Cessons d’accepter l’inacceptable: engageons-nous dans les démarches qui contribuent à faire émerger une vision partagée du rôle des technologies de l’information et de la communication dans le développement du Québec (unplannumeriquepourlequebec.com par exemple); écrivons aux élus; proposons-leur des plans d’actions. C’est urgent!

Une chose que tu aimerais voir en 2009?

J’aimerais que le Québec se dote d’un plan ambitieux en rapport avec le rôle d’Internet à l’école. Un plan avec une portée d’au moins dix ans — parce que l’école n’est pas une institution qu’on peut bousculer; et parce que les responsabilités qui incombent aux enseignants exigent qu’ils aient un temps suffisant pour adapter leurs pratiques pédagogiques à la vision que ce plan devrait énoncer.

Ce plan ne parlerait pas seulement de technologie et d’équipements, mais aussi (surtout!) de l’ouverture sur le monde qu’Internet rend possible dans les écoles; de la forme que nous souhaitons voir prendre au matériel éducatif et du rôle des éditeurs scolaires pour développer ce matériel. Préciser aussi ce que tous les enfants québécois devraient savoir pour être en mesure de développer leur identité dans ce nouveau monde aussi — parce que c’est un véritable défi qui échappe aujourd’hui largement à l’école.
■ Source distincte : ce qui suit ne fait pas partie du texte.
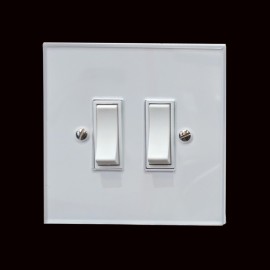 2 Gang 2 Way 20A Rocker Switch in White Plastic with White Trim Perspex Clear Plate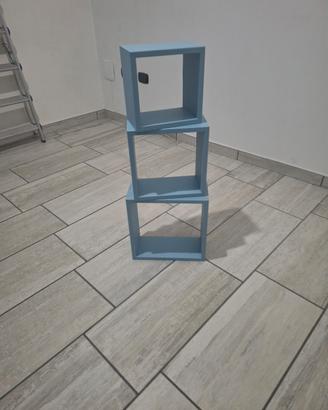 set 3 mensole a cubo  colore azzurro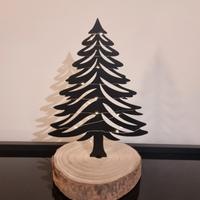 Alberello di Natale in acciaio base in legno + led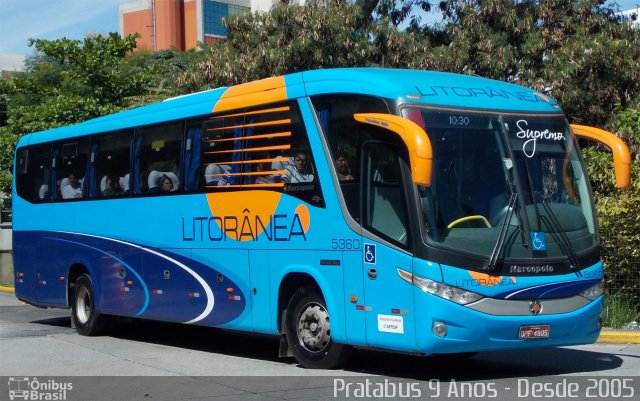 Litorânea Transportes Coletivos 5360 na cidade de São Paulo, São Paulo, Brasil, por Cristiano Soares da Silva. Número da foto: #2496193.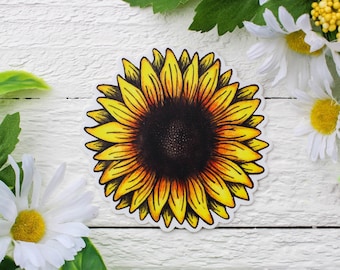 Sunflower Sticker | Sunflower Decal | Sunflower Gift | Sunflower Laptop Sticker | Yellow Sticker | Sunflower Car Decal | Sunflower Art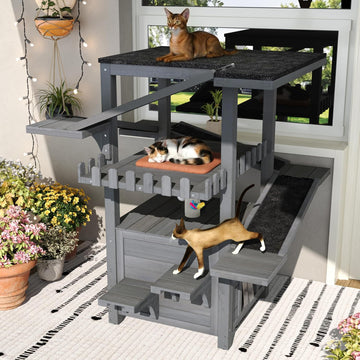 4 Tiers Outdoor Cat House, Weatherproof Wood Cat Tree Tower with Waterproof Roof and 2 Doors, Cat Climbing Tower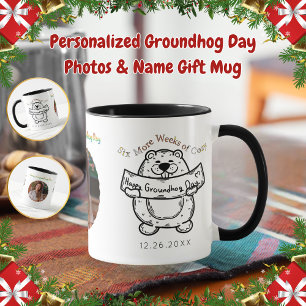 Personalized Groundhog Day Photos & Name Gift Mug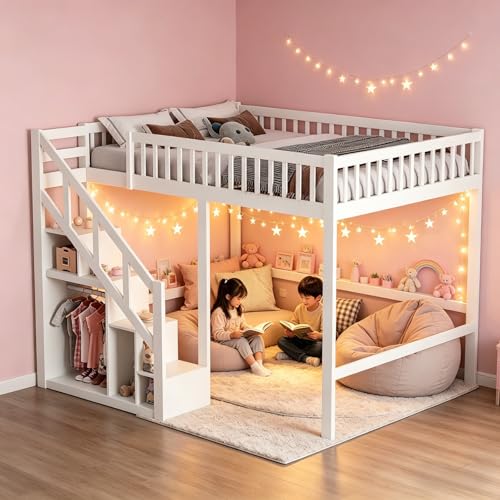 JiaOyu Etagenbett 90x200, Massivholz-Kinderbett mit Sicherheitstreppe & Aufbewahrungsschrank, Platzsparendes Jugendbett mit Lattenrost, Mehrzweck-Spielbett für Kinderzimmer Weiß (90x200cm)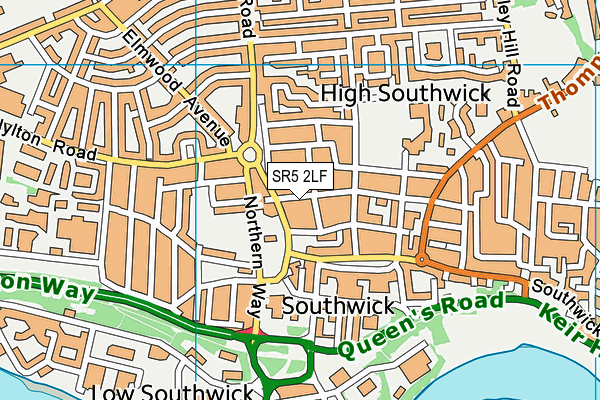 SR5 2LF map - OS VectorMap District (Ordnance Survey)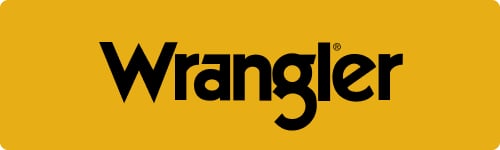 Wrangler brand logo displayed on a yellow rectangular background.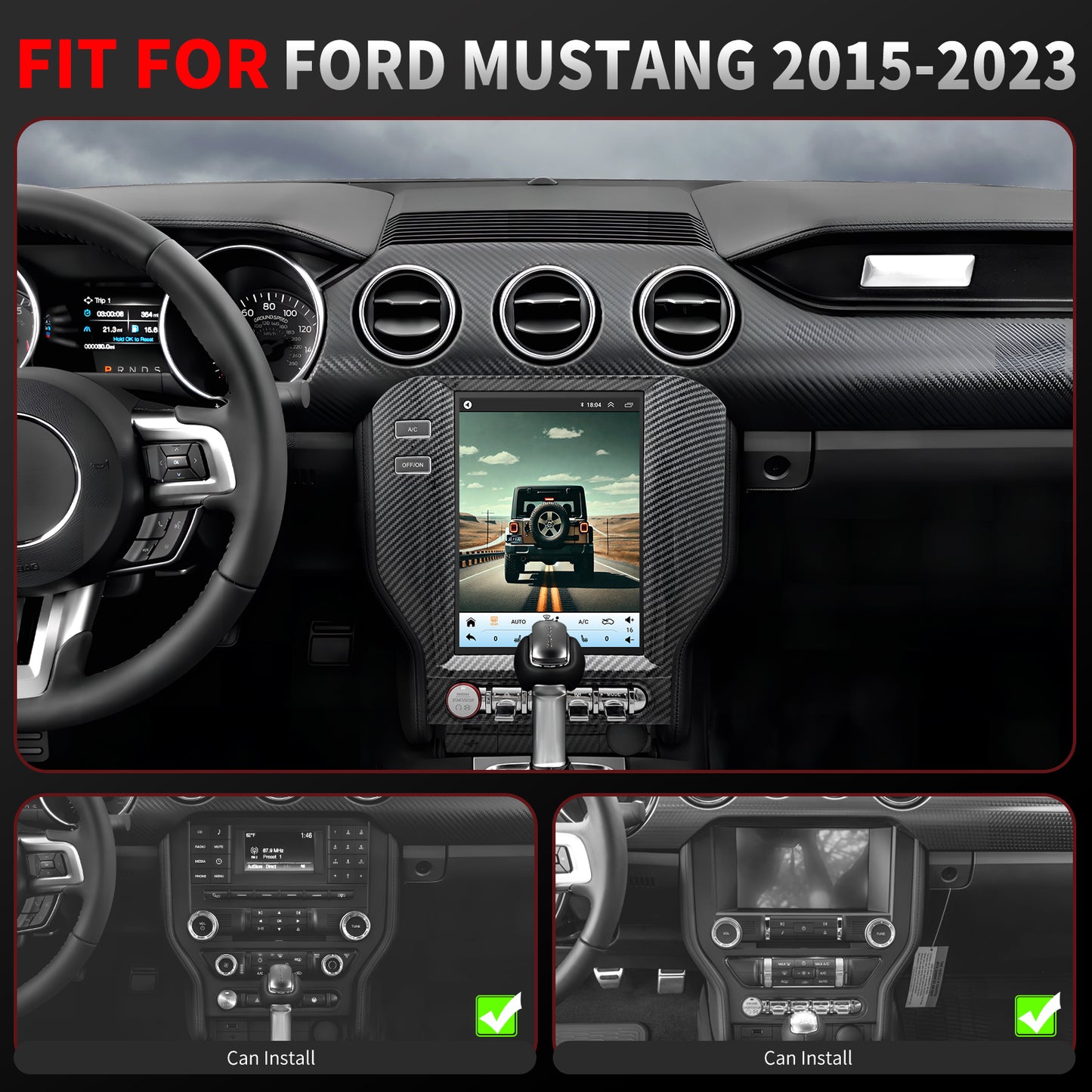 Ford Mustang Stereo replacement 2015-2023 CarPlay Radio Screen-Topdisplay 2015 2016 2017 2018 2019 2020 2021 2022 2023 Mustang Upgrade Headunit Apple Carplay Android Auto Accessories Pantalla Estéreo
La « réforme » était une nécessité. Il faut continuer de l’appuyer. Ses fondements correspondent bien aux défis que les enfants devront relever lorsqu’ils seront adultes.

Je suis convaincu que plusieurs des difficultés que nous rencontrons dans la mise en oeuvre de cette réforme tiennent essentiellement au fait que nous n’avons pas encore su faire appel aux technologies pour aller au bout des convictions qui nous ont guidés jusqu’ici — c’est pourtant nécessaire. C’est le défi que ce plan devrait nous aider à relever.
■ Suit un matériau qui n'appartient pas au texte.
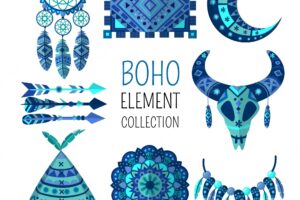 Boho element collection with flat design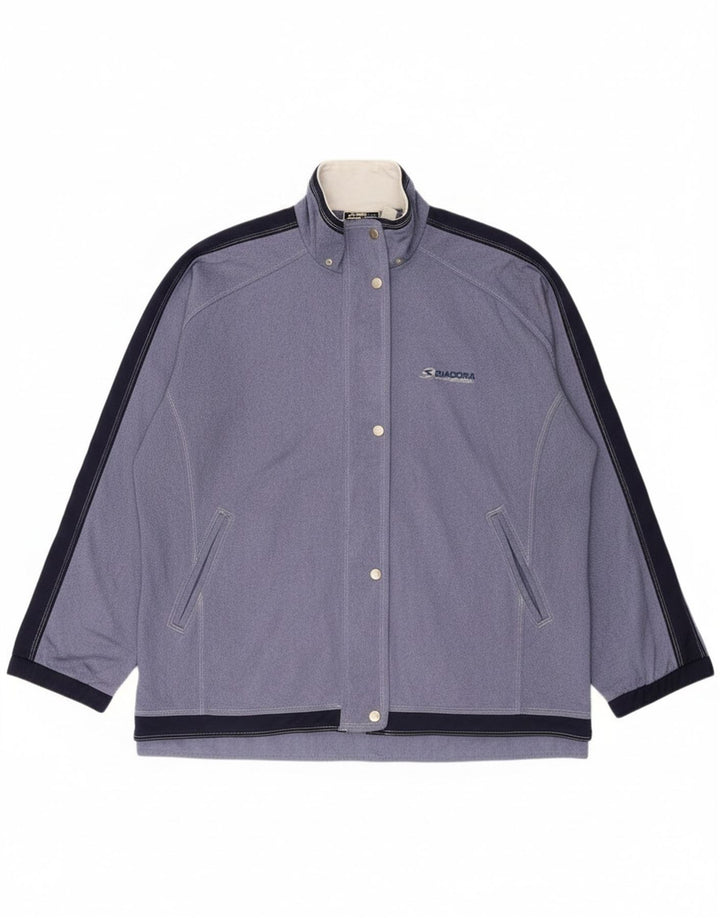 Diadora Womens Oversized Tracksuit Top Jacket UK 18 XL Blue Colourblock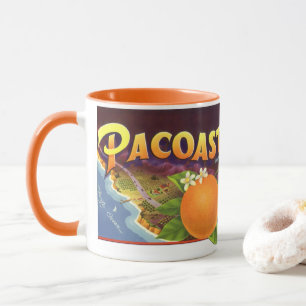 Tasse Étiquette de caisse de fruits vintage, oranges Pac
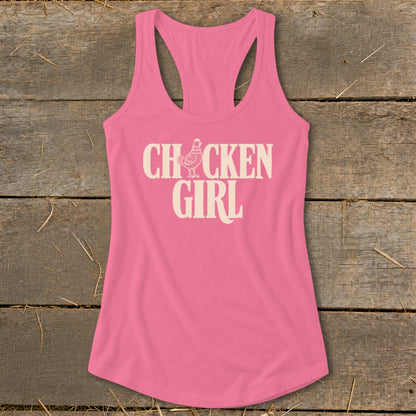 Pink racerback tank top with "CHICKEN GIRL" and chicken graphic.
Dans un autre ordre d’idée, j’aimerais aussi que les éditeurs, les auteurs et les libraires, notamment, s’engagent dès maintenant, et avec conviction, dans le passage au numérique et dans les premières étapes de la dématérialisation du livre. Je vais personnellement y consacrer toutes mes énergies au cours des prochains mois, parce que je suis convaincu que par delà les risques qui inévitablement associés à de tels bouleversements techno-socio-économiques, il y a là une extraordinaire opportunité pour la culture québécoise de voir naître de nouveaux talents et de se faire connaître plus largement que jamais auparavant.